* [WHAT TO PRODUCE]
Return the data below exactly, stopping after the line with "MR & MRS White Cotton Jackets & Coat".

___ MATERIAL FOR THE TASK

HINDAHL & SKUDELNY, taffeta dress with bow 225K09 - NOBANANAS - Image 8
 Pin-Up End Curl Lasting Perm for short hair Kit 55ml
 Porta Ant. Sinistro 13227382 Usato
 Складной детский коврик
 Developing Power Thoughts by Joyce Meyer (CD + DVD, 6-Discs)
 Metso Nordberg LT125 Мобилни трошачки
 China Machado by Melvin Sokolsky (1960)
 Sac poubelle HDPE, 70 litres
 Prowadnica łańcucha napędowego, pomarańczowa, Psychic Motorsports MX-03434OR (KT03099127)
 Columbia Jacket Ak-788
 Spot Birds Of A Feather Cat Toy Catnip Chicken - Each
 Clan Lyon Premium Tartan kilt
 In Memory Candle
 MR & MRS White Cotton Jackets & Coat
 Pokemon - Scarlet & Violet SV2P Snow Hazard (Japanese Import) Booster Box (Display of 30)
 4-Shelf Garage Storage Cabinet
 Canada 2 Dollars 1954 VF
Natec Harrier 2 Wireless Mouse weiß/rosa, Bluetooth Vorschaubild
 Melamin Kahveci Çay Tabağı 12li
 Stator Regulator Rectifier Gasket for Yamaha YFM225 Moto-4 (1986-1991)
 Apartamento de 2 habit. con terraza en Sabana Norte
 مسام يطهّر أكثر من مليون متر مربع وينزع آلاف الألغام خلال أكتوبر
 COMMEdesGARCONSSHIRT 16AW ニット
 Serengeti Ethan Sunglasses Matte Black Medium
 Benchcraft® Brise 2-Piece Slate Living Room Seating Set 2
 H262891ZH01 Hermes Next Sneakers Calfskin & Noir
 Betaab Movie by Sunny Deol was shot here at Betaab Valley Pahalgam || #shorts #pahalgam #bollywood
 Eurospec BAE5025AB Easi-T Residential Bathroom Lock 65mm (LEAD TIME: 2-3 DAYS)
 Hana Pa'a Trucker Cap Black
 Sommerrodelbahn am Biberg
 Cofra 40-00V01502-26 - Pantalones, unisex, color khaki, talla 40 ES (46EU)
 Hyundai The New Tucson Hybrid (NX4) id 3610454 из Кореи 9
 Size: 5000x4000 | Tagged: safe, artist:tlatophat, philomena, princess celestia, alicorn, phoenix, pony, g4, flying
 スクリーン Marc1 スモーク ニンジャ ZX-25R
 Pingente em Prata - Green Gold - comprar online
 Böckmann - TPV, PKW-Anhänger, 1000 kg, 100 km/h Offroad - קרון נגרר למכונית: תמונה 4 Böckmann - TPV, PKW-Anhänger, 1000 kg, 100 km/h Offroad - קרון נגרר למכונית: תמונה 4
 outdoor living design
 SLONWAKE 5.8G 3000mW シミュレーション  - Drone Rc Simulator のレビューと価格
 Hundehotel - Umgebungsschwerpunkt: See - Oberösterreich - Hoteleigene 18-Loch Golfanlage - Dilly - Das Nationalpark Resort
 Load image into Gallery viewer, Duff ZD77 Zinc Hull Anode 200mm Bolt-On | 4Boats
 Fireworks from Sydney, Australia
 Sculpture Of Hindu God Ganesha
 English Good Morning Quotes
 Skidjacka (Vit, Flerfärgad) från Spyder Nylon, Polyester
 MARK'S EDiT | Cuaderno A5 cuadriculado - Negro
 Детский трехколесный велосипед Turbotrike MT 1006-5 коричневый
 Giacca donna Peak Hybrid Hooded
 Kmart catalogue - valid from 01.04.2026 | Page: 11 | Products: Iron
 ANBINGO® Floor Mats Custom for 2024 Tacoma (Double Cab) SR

______

* [PROBLEM SOLUTION]
HINDAHL & SKUDELNY, taffeta dress with bow 225K09 - NOBANANAS - Image 8
 Pin-Up End Curl Lasting Perm for short hair Kit 55ml
 Porta Ant. Sinistro 13227382 Usato
 Складной детский коврик
 Developing Power Thoughts by Joyce Meyer (CD + DVD, 6-Discs)
 Metso Nordberg LT125 Мобилни трошачки
 China Machado by Melvin Sokolsky (1960)
 Sac poubelle HDPE, 70 litres
 Prowadnica łańcucha napędowego, pomarańczowa, Psychic Motorsports MX-03434OR (KT03099127)
 Columbia Jacket Ak-788
 Spot Birds Of A Feather Cat Toy Catnip Chicken - Each
 Clan Lyon Premium Tartan kilt
 In Memory Candle
 MR & MRS White Cotton Jackets & Coat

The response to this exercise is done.